Als Kind besuchte ich oft meine Großmutter. Sie konnte sich nur mühsam mit dem Handstock vorwärts bewegen, also saß sie in der Regel in ihrem Korbstuhl  in der Wohnküche. 

Großmutter bekam viel Besuch. Manchmal die junge Nachbarin mit ihrem blinden Sohn. Sie brachte meist einen Teller mit Rosinenkuchen mit, köstlich! Beim Tee wurde über allgemeine Dinge geredet, über das, was im Städtchen so passierte. Danach bat die Nachbarin mich, mit dem kleinen Jungen spazieren zu gehen. Das tat ich gerne. Kamen wir zurück, sah ich oft, dass die Frau geweint hatte. Alles liege in Gottes Hand oder Gott habe das letzte Wort noch nicht gesprochen, hörte ich dann Großmutter sagen.
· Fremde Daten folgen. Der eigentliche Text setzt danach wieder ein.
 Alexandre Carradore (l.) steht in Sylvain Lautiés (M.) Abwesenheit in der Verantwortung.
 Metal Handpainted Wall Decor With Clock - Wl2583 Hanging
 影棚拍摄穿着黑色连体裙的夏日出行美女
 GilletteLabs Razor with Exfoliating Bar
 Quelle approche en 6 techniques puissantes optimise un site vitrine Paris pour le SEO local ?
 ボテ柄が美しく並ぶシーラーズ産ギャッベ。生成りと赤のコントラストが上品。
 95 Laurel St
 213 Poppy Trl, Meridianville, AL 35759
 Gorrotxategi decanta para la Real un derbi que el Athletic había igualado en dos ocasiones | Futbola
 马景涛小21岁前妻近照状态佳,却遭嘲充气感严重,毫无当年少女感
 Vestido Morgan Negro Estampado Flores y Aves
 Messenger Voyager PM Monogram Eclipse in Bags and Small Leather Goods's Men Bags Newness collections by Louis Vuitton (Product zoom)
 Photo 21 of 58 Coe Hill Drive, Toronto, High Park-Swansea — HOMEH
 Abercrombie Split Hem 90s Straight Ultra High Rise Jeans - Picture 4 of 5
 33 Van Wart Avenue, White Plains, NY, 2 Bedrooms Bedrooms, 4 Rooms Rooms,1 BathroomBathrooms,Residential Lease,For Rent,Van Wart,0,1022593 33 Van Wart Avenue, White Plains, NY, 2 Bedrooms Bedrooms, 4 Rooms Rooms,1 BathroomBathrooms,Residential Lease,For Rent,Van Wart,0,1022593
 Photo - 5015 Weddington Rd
Die Nachbarin putzte sich die Nase und verabschiedete sich mit: „Danke, dass ich dich immer besuchen darf!“

„Komm bald wieder“, sagte Großmutter.  An anderen Tagen kam Andreas, trank viele Tassen Tee, lächelte und blieb ganz stumm. Außer „Danke“ und „Tschüß“ habe ich diesen Riesen mit dem Verstand eines 5 Jährigen nie etwas sagen gehört. Manchmal besuchte der Pastor Großmutter oder Laila, die die Erwachsenen die Zigeunerin nannten. Ich fand sie alle höchst interessant und Großmutter war eine wunderbare Gastgeberin!